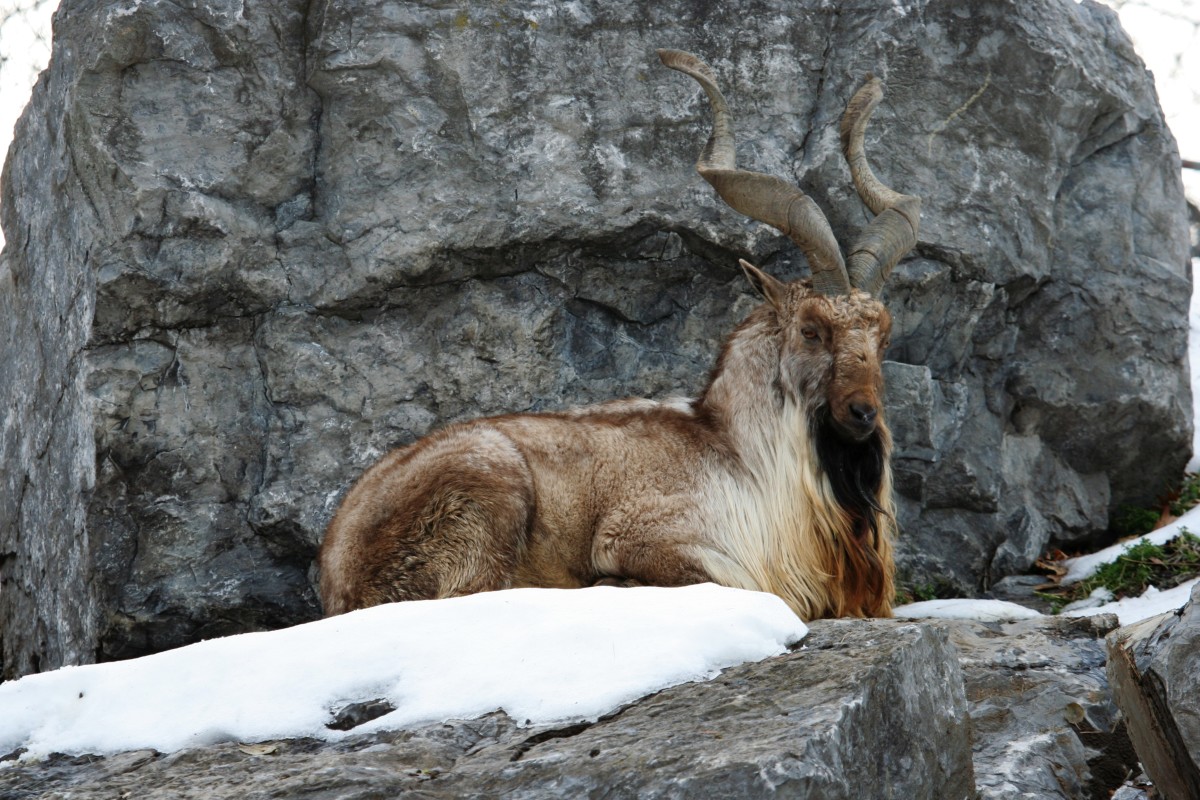 STORY OF MARKHOR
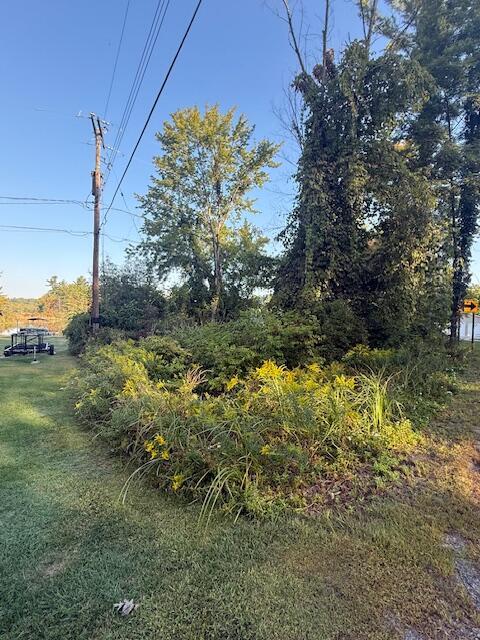 Image 2: Morgan Mills 1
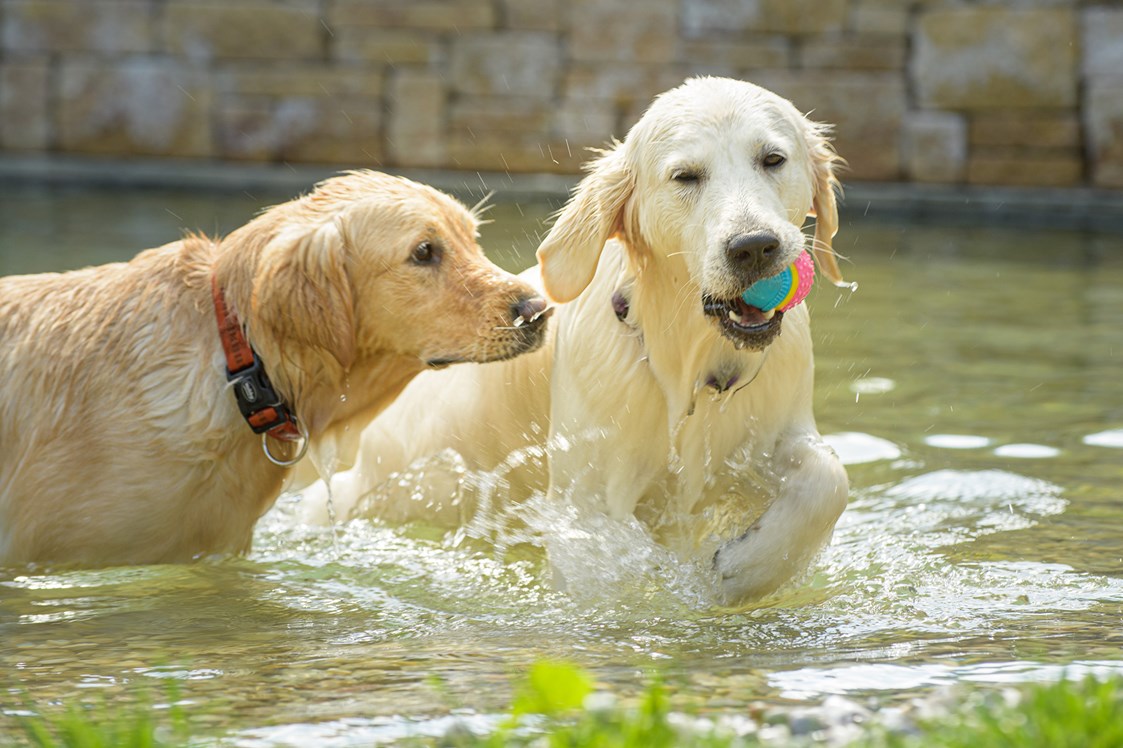 Urlaub-mit-Hund: Ist dein Hund auch eine Wasserratte? - GRUBERS Hotel Apartments Gastein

◆ What this task involves
Print the lines from the one that contains "Image 2: Morgan Mills 1" through the last line of the data, exactly and in full, and no other lines. Pictures are not part of the copy.

◆ Task solution
 Image 2: Morgan Mills 1
 Urlaub-mit-Hund: Ist dein Hund auch eine Wasserratte? - GRUBERS Hotel Apartments Gastein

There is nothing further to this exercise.